Nobody at the big table decided the jam was bad. They decided not to decide. Twenty-four good options is twenty-four small acts of comparison, twenty-four chances to suspect you have picked wrong, and the cleanest way out of that discomfort is to put the spoon down and leave. The extensive display won the attention metric and lost the only one that pays rent.
I think about that table every time a client wants to fix a flat conversion rate by adding to the page. Another plan tier. Another testimonial. A second call-to-action because the first one is not working. The instinct is that a stalled buyer needs more reasons to say yes. Usually they have plenty of reasons. What they do not have is an easy way through the deciding.
Twenty-four jams
Dazzled, then walked away
Six jams
Ten times the purchases
The default does the choosing
If choice overload were only about jam, you could shrug it off. It is not. Look at organ donation, where the stakes are about as high as a decision gets and you would expect deep personal conviction to drive the outcome.
Eric Johnson and Daniel Goldstein lined up European countries that are culturally and economically similar and found donor consent splitting along one boring line: the form. In countries where you tick a box to opt in, consent sat low, often under a third and sometimes in single digits. In countries where you tick a box to opt out, it ran close to 100 percent. Austria at 99 percent, Germany next door at 12. The gap was not belief. It was which answer required no action.
That is the uncomfortable version of the jam finding. People are not landing on the option they have reasoned their way to. They are landing on the one in front of them that asks the least of them. The default is not a nudge at the margin, it is frequently the whole decision. If your pricing page makes "do nothing" or "keep shopping" the path of least resistance, that is the plan most people will choose, and no amount of feature copy outvotes it.
Friction is the silent line item
The good news is this is the most fixable problem in marketing, because it is mechanical, not persuasive. You are not trying to change what someone believes. You are removing the small frictions between intent and action.
The receipts here are blunt. Baymard Institute, which has spent years watching people fail to check out, puts average cart abandonment at around 70 percent, with a "too long or complicated checkout" cited by roughly a fifth of people who bail. The average checkout asks for about 23 form elements when 12 to 14 would do the job. Every field is a tiny tax, and enough of them and the buyer who already wanted to pay you decides it is not worth the bother. These are people past persuasion. They had their card out. The friction took the sale, not a weak argument.
So before I write a sharper headline I go looking for the thing in the way. How many fields before the order goes through. How many plans on the pricing page, and whether a first-time buyer can tell in five seconds which one is for them. Whether the next step is one obvious button or a fork. Whether the form asks for a phone number it will never call. Whether there is a default at all, or whether the customer has been handed a blank page and left to architect their own decision.

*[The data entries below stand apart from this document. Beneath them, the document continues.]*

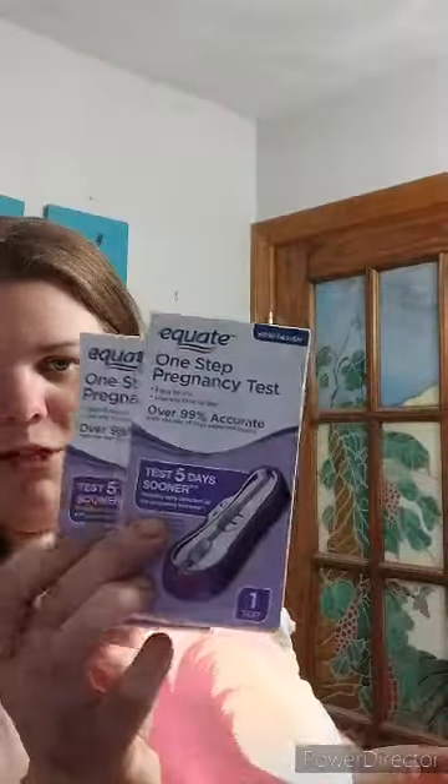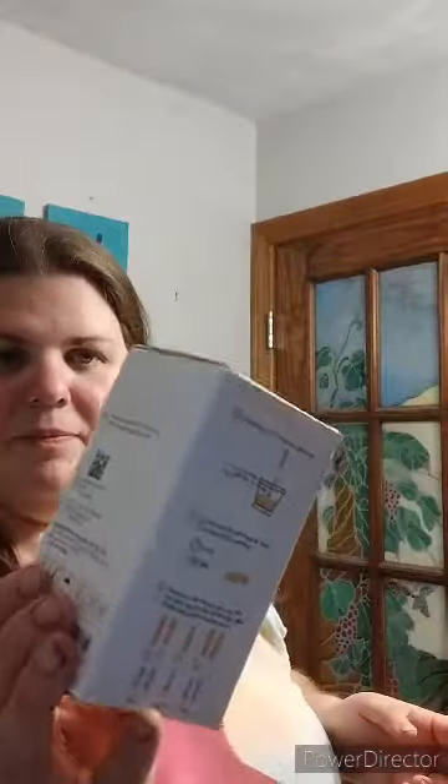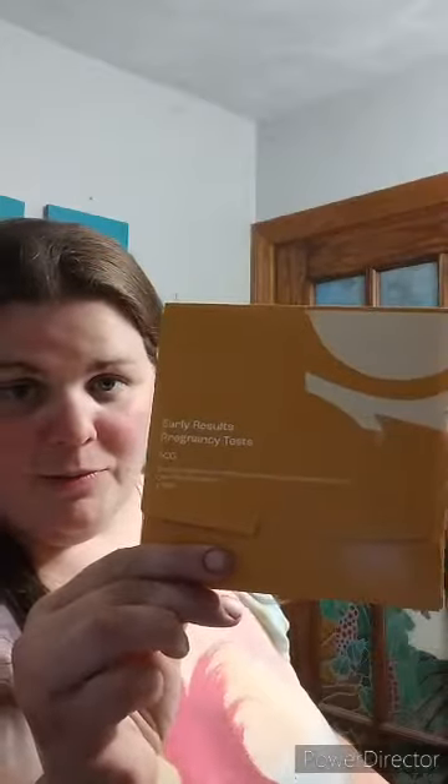Then I bought the Walmart brand pregnancy tests — I only have two of those. Then I bought the wondfo strip tests; there are 25 in here. And then I also bought this brand that was recommended to me by another person going through the same journey with me — she is transferring two days before I am. This is the Early Results pregnancy test by BIRD — I've never even heard of these.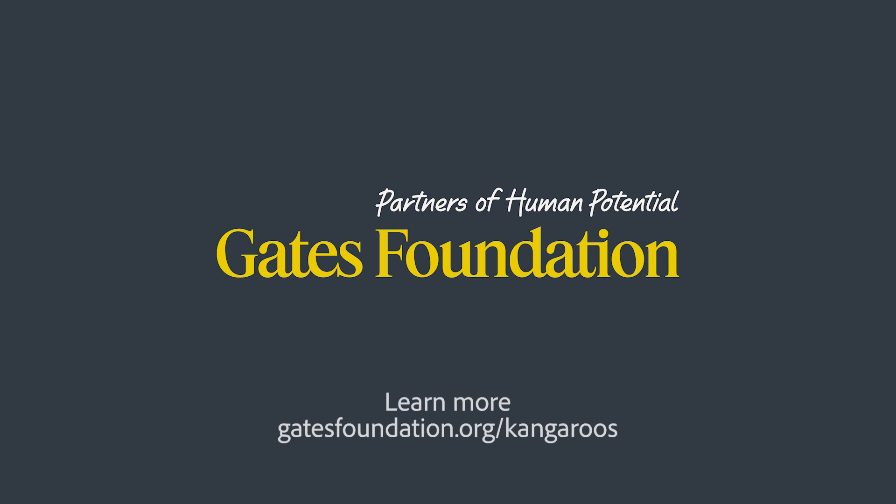The Gates Foundation. Partners of Human Potential. Keep them together. Just keep them together.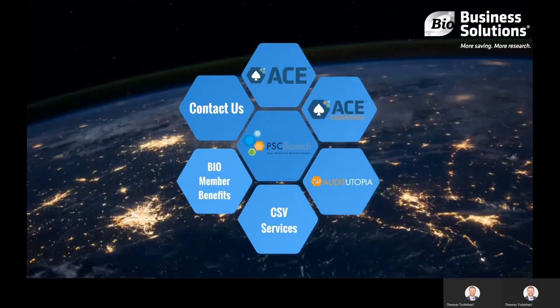This is Thomas with PSC Biotech. Today we will be talking about our software and service solutions for life science companies, along with our partnership with BIO and the benefits a BIO member can expect.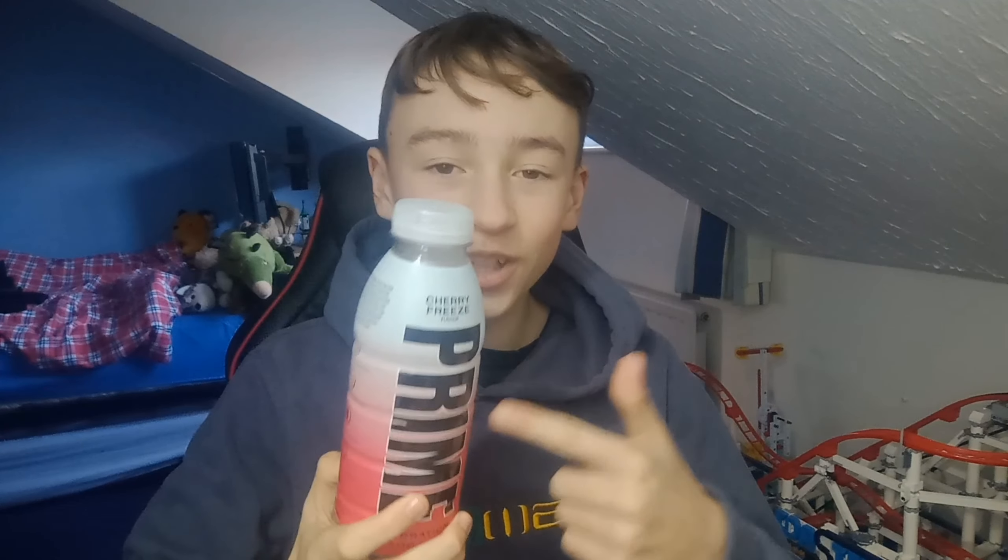Hello everyone, welcome back to DJ Ninja 103. Today I've got my hands on the brand new Prime flavour — Cherry Freeze.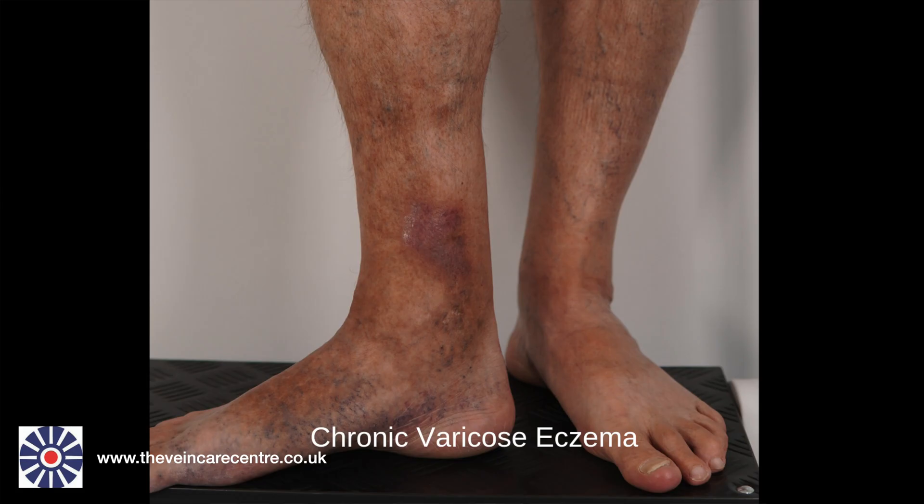Varicose eczema can take two forms. It frequently looks like a skin rash around the ankle and is sometimes mistakenly considered to be primarily a skin condition, and therefore it is sometimes managed with creams such as hydrocortisone or similar steroid creams for long periods of time. This is the chronic form of varicose eczema that can be present for years before it may eventually cause a leg ulcer.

A practical test I use: read your own funnel as a stranger and count the moments where you would have to stop and think. Not stop and be convinced, stop and think. Each of those is a small table of twenty-four jams. Most can be collapsed into a sensible default, a removed field, a pre-selected plan, a recommendation that says "most people like you start here." You are not dumbing the offer down. You are doing the deciding work on the customer's behalf, which is a kindness they will pay for.
The reframe that took me longest to trust is that a better product does not reliably beat an easier choice. The market is full of superior options that lost to the one that was simpler to say yes to, and full of merely-fine products that won on a clean default and a short form. When sales stall, the reflex is to ask what to add. The more useful question is what the buyer has to do to get to yes, and how much of that you can do for them. Most of the time the path is already there. You just have not cleared it.